The buck stops and they get in close enough for a shot, maybe three hundred yards. David looks to the guide.
“Too far, man.” David is relieved. “Anyway, I bet he moves before you could get your scope on him.”
Sure enough the buck turns and heads back into the brush.
The afternoon is waning by the time the buck sniffs out a prospect, a doe grazing alone in a small clearing just beyond the ridge. David and the guide move in to about a hundred and fifty yards and shelter behind a stand of sumac. The doe starts as the buck approaches and edges away; the buck circles, approaches again, and the doe starts again.
The guide grins.
“You can get a shot in if you want it. Some guys like to wait.”

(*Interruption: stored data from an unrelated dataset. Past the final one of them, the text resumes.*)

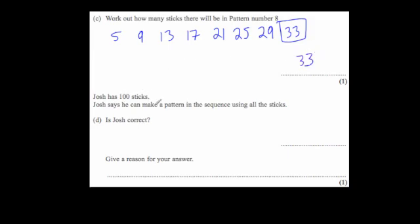Joshua has 100 sticks and says he can make a pattern in the sequence using all the sticks without any leftover. Is he correct? Well, all the numbers in the sequence — 5, 9, 13, 17, 21 — are odd. He's got 100 sticks, which is an even number. So 100 won't be in the sequence, meaning he is not correct. The reason is that all terms in the sequence are odd, but 100 is even.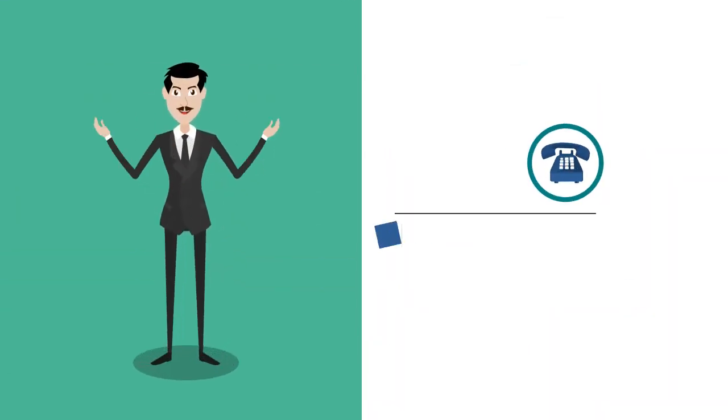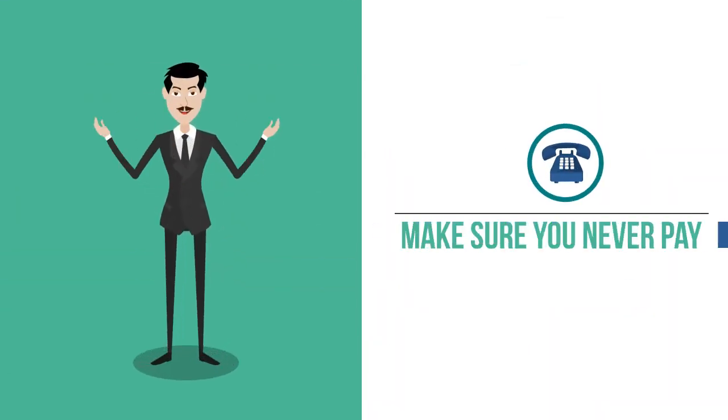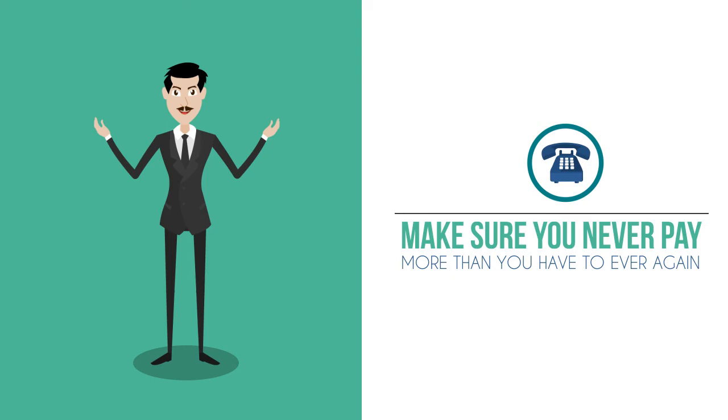Call us now to find out more, and make sure you never pay more than you have to ever again.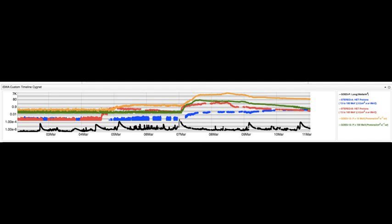The energetic proton radiation caused by a flare-CME pair tends to be broad in space. For Active Region 1429, the peak impact was at STEREO B first, then it rotated to Earth, and finally reached STEREO A.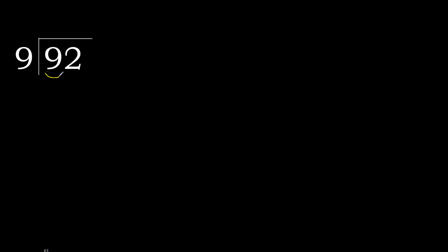92 divided by 9. Let's go forward with 9. 9 multiplied by which number is nearest to 9 but not greater? 9 multiplied by 2 is 18.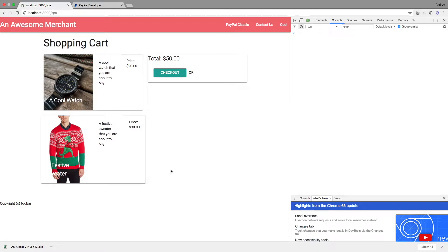Hello, this is Andrew from PayPal again, and today I'm going to show you how to integrate PayPal into a single-page application.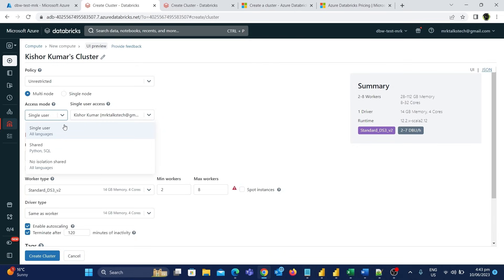Then we have the shared access mode, where the cluster can be shared by any user who has access to run notebooks. The downside is that when using a shared cluster, you can only use Python and SQL — you cannot use Scala or other programming languages supported in Azure Databricks. Also, to create a shared cluster, you need to have a premium Databricks workspace.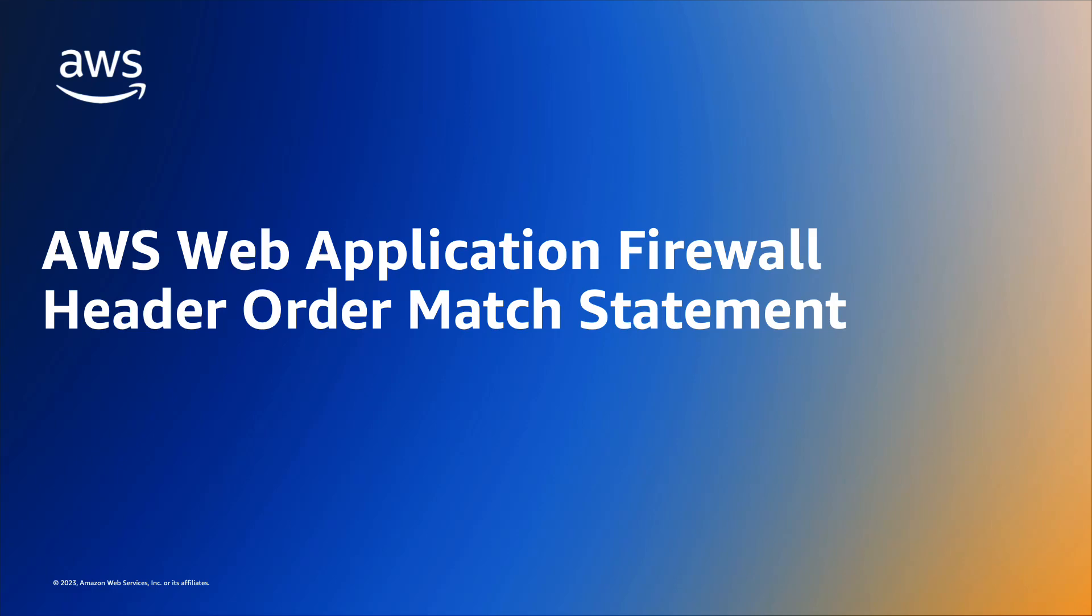Hello, everyone. I'm excited to discuss AWS Web Application Firewall or WAF support for the header order match statement, enabling customers to specify the order in which HTTP headers appear in requests.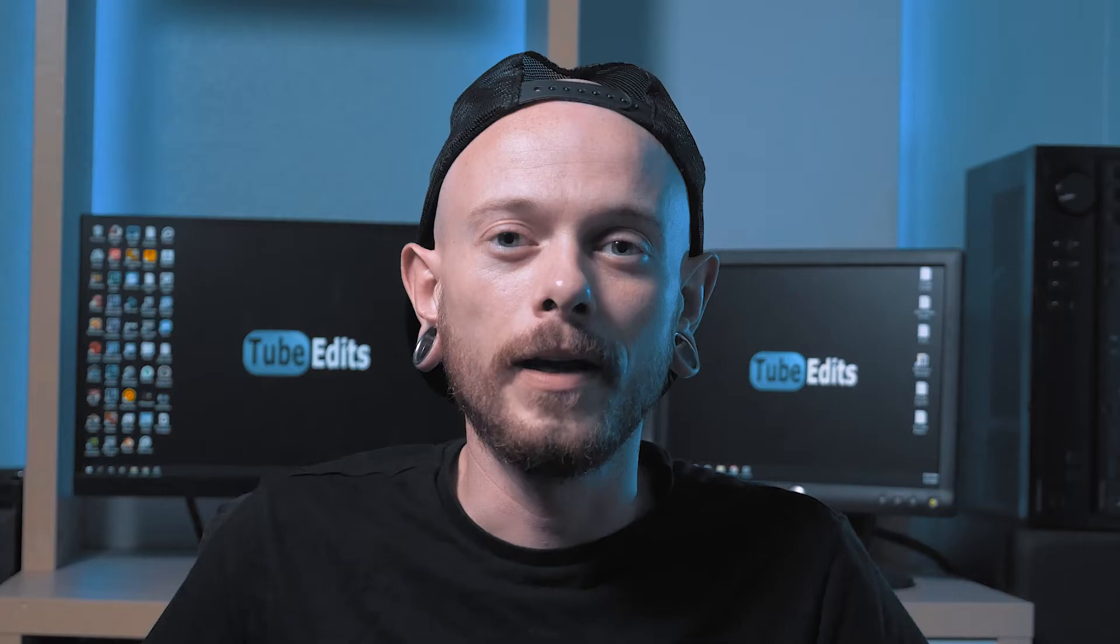This video is sponsored by TubeEdits.com. Hey guys, in this video, I'm going to show you how to fix your clipped audio.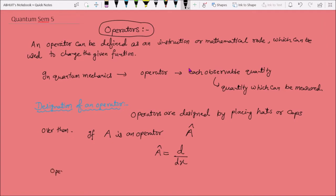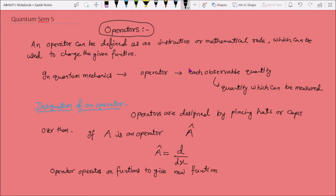An operator operates on a function to give a new function. So we can write it as: operator into function equals new function. That means the value or the form of the function will change.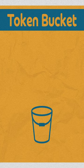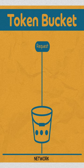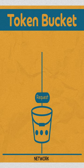In token bucket, you have a bucket filled with tokens. When an input request or packet arrives, we check if there's any token in the bucket or not.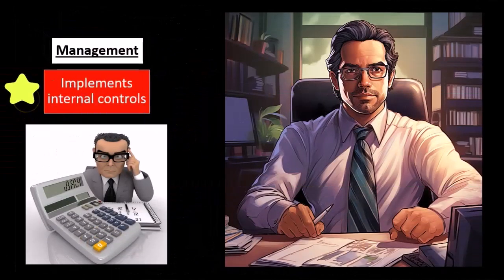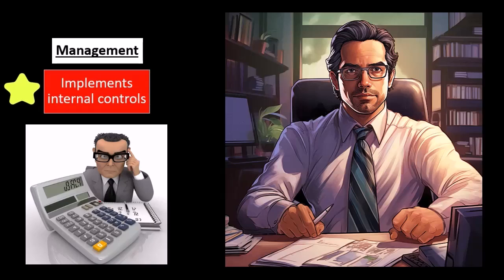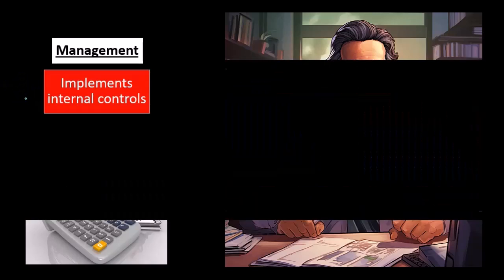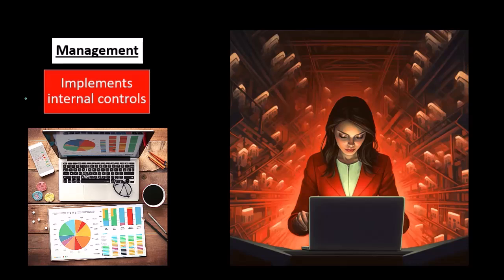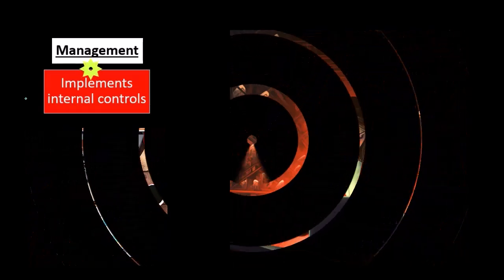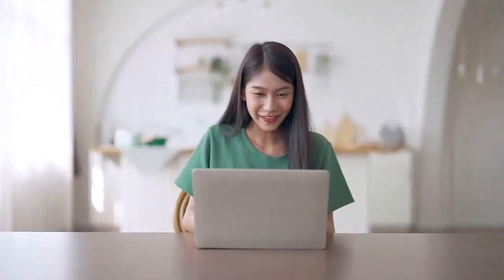So management implements internal controls. Note that internal controls are a huge topic when we think about audit. Oftentimes, especially when we're thinking about a smaller type of company, we often want to just jump right in and take a look at the balance sheet and start testing things out. There was a time period where that is more similar to what we used to do.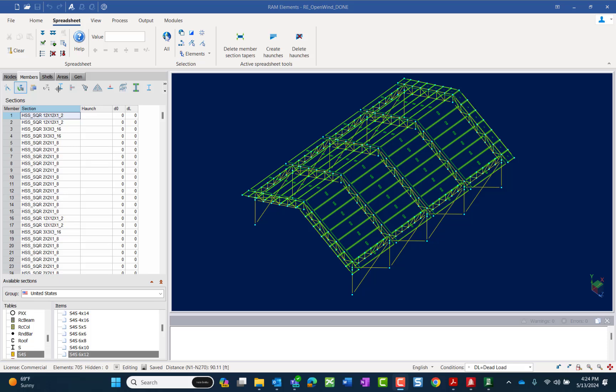In RAM Elements, you can select all members of the same section property without having to assign a particular common description to those.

The doe has calmed. The buck circles behind her and dips the impressive monument of his head to lick at her calves, her thighs, the wet pink of her privates.
“Let’s wait, then.”
The delicate push-and-pull goes on for several more minutes. The doe balks again and the buck peers around with what looks like feigned indifference, then starts from scratch again. Finally, with astounding gentleness, he makes an attempt to mount. It is always baffling to David, this mating of beasts, how familiar the protocols look, how human. How, in contrast, the mating of humans seems so much more bestial, more depraved.
Once he has managed a proper coupling the buck is finished in a matter of seconds. The doe holds his weight only an instant before bolting.
“Moment of truth,” the guide whispers. “Make it count.”
All year the buck has lived only for this, the sole source of whatever sense of purpose he might feel on the earth. The jockeying, the desperate search, the does who resist him, the children he will never know. David would have liked to follow him back to whatever bed of mud or reeds he has made for his home.
“The doe’s still too close.”
“Take your time,” the guide says. “No worries.”
The buck turns his head in their direction as if he has sensed them and David takes the shot. He almost thinks he can see in the buck’s eyes the sudden realization that something has gone badly awry, that he has made some fa
tal miscalculation. When his head drops, it drops like dead weight. A single bullet is all it takes.
They dress the thing in darkness, loading as much as they can in their packs and hanging the rest from the trees to come back for. They leave the head with its massive rack swinging from a bough in the dark like a warning.
“Yours if you want it,” he says to the guide. “You earned it.”
It is late when they get back to the lodge. David feels a blackness by then that he can’t seem to shake. Nothing like guilt over the kill yet somehow the kill is the source. The thought of returning to his job, to his friend, to his book, his familiar heap of lies.
He decides to settle his bill and check out. In the car, before he starts back, he sends a text. Need to c u.
It is the middle of the night when he gets home. He takes a double dose of his sodium oxybate and falls into a dead sleep, waking at first light to the sound of a key in his front door. But already as he starts down the stairs he knows that he has miscalculated. That the presence he feels in the house is not her.
He finds Greg sitting in the kitchen still in his coat and gloves, the Weatherby propped in the corner behind him.
“I don’t want to hear a fucking word from you, do you understand? Not a fucking word.”
Sophie’s cell phone sits on the table. So this is where it ends, David thinks. Any minute Greg will pick up the Weatherby, chamber a round. Crime of passion.
David feels a lifting at the thought.
“Here is how things are going to go.”
What happens instead is much more predictable and banal. The sanctimoniousness, the bravado, the insults. Above all, the need to save face: Greg actually brings up deadlines and grades, resignation letters, trying to tie up every loose end. David can barely bring himself to listen. The thought keeps forming in his head: Open your eyes.